After Naked, T.H. split up for probably the last time. Harrison does production, the Frantz’ continue to perform, and Byrne has released a succession of albums. The critical and commercial response has died down considerably but all four continue to make compelling music. The case was made May 20 at a sold-out David Bryne show at the Park West. Sprinkling in a few T.H.’s classics among his solo work, he had the crowd in the grip of his hand from the start. What was disarming was the intimacy in the room—I’ve never experienced a concert audience filled with such warm emotion, from the barefoot kids dancing in the lobby to the three brothers I watched much of the show with. But it’s all Byrne’s fault. On Speaking In Tongues Byrne sang about how his “Girlfriend is Better,”—”she has the smoke in her eyes…” By “Little Creatures” he was talking about babies and “Stay Up Late (“he looks sooo cute/in his little red suit!”). Before Speaking T.H. was brittle, intellectually chilly and distant—obviously romance/marriage/family has changed all that—Bryne has opened up thematically, emotionally.

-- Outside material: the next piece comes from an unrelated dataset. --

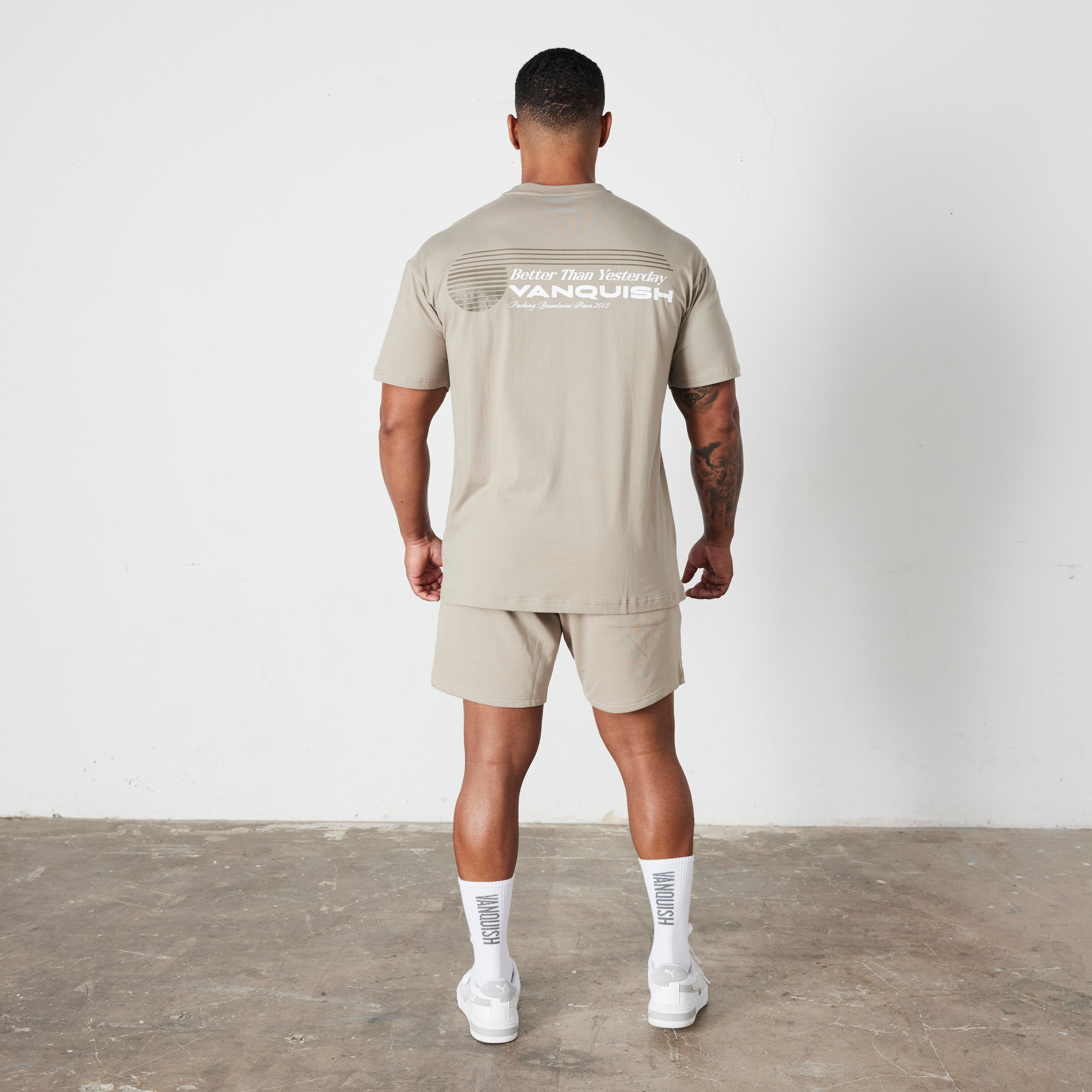 Vanquish Stone Athletics Division Oversized T Shirt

Starting with a quiet “The Revolution” he seemed embarrassed at the notion of all that adoration—more like a bewildered Andy Kaufman than the architect of a new-wave order. Fronting a percussion-heavy ensemble with augmentation from the CSO string section, Byrne broke the ice—not between him and the audience, the ice that seemingly was always in him, and gamely shook his fanny and fell into the vibe. Now with a full head of silver hair, dressed in a Buoka suit that looked like a gas station uniform, he wasn’t the mechanized duck marching nerd in the “Once in a Lifetime” video but a fleshed out 3-D modern man flushed with happy experiences. It got giddy. “Butt-Naked “was as frolicsome as the song suggested streaking was. “Nothing but Flowers” got a Brazilian workout while “Once in a Lifetime” and “What a Day that Was” came to life under the percussion live. Byrne’s first encore revealed how jolly he’d gotten—a cover of Whitney Houston’s “I Wanna Dance with Somebody.” Seeing him gamely sway and sing “I wanna dance with someone who looooooves me…” put him, and where he’s been, in perspective.
In the end he didn’t do “Psycho Killer” or “Take Me to the River” or “Life During Wartime” or “Burning Down the House” and they weren’t missed. At the close of the show I felt ridiculous about the expectation down through the years (mine included) that T.H. would reunite, like that expectation that the Beatles would reunite. And make us feel good like we used to, ignoring the fact that the times and circumstances of those groups are over. The gutsy thing to do of course is to move into the present and the future and leave the past. David Bryne is a prime example.